He called me “bitch” a lot. In a playful way, but annoying nonetheless. I finally asked him to stop, it was pissing me off so much (something Kurt can’t resist, really). He and Sweetie were doing their own private work, so I figured he was there for Sweetie alone, and it made sense to me at the time.
And then one night, he stepped forward as my teacher during meditation. In this state of meditation, I had set all of my personality, my expectations of myself and others aside. I saw the angelic Kurt again. I saw a gentle guy who loved people. Who wanted to help. Whose intentions were good and earnest. And these meditative journeys into my soul’s past are changing my perspective on everything. This is the most transformative period in my life. So far.
With Kurt’s birthday present to me, I’ve become a Nirvana fan. I’ll listen to the four albums we have back to back. I find it relaxing, which is so odd, considering the intensity of the sound and lyrics.
The only song Kurt discourages me from listening to is “Rape Me”, from the In Utero album. Whenever it comes along in the playlist I’ll hear, “Skip this shit. You don’t need it.” Sometimes the track will skip on its own. Thing is, I like that song now. Yesterday, while driving to work, I got stubborn. “I WANT to listen to it, damn it!” In the first verse of the song, the adapter to the speaker fell out of the charger. The music stopped. “Don’t make me break your ipod.” Big sigh. “FINE.” And I skipped the track again.
That was actually a really impressive move, looking back on it. It’s not easy to move things like that.
Since we started our meditation together, Kurt has often called me “Babe” or sometimes “Angel” – just as he’s addressed Sweetie. I started doing Kurt research and found out what a big feminist he was during his last life. Kurt’s shown me a lot in my own soul’s history around rape-specific violence.
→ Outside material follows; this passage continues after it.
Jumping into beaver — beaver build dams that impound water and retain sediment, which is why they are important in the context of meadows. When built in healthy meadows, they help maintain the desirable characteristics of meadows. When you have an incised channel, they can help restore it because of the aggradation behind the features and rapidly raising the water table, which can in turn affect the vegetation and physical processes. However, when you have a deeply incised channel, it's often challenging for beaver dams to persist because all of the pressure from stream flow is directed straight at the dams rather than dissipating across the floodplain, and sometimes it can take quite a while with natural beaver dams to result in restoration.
Last night, from the perspective of a man… understanding how this man (me in a past life) got to a point where he could see women only through eyes of possession and hate. You have to see yourself with hate first. This sort of violence turns back on the perpetrator, and it ripples ever outward. Violence has saturated our culture.
This sort of learning is a very intimate experience, and I feel this super-close friendship-type relationship build between us. He likes to call me “little sister” sometimes, in a way that feels like irony. Whenever I’ve asked to see if there’s a past life connection between Kurt & I, I always see him as a young boy, and I hear “little brother” – so it’s like the younger brother calling his big sister “little sister” because here he is, taking care of me where once, I looked after him.
I remember a Courtney Love quote, on how needy Kurt could be: That guy can’t catch a cab by himself!
John too has talked about how high maintenance he could be in relationships. When Yoko kicked him out, he said she was right to do so.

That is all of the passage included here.